Token estimates are heuristic. They assume Japanese-text input; tune CHARS_PER_TOKEN in lib/token-estimator.js for English-heavy workloads.
Anthropic Max plan quota figures are approximations; calibrate from observed usage.
Per-agent runtime values are based on observed Claude Code behavior with default plans/skills. Override via agentRuntimes argument to predictDuration().

Releasing

Publishing is fully automated via GitHub Actions on tag push.

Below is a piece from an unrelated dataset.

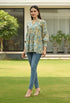 White & Sky Blue Pure Cotton Floral Printed Short Top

One-time setup (maintainer)

Create an npm Automation Token at https://www.npmjs.com/settings//tokens (scope: Automation).
Add it to the repo as a secret named NPM_TOKEN (Settings → Secrets and variables → Actions → New repository secret).

Each release

# Bump version in package.json
npm version patch     # or minor / major

# Push the commit + the tag created by npm version
git push origin main
git push origin v0.1.1

The Publish to npm workflow runs automatically on v* tag push:

Runs smoke tests (test/run.js)
Verifies tag matches package.json version
Publishes to npm with provenance (--provenance)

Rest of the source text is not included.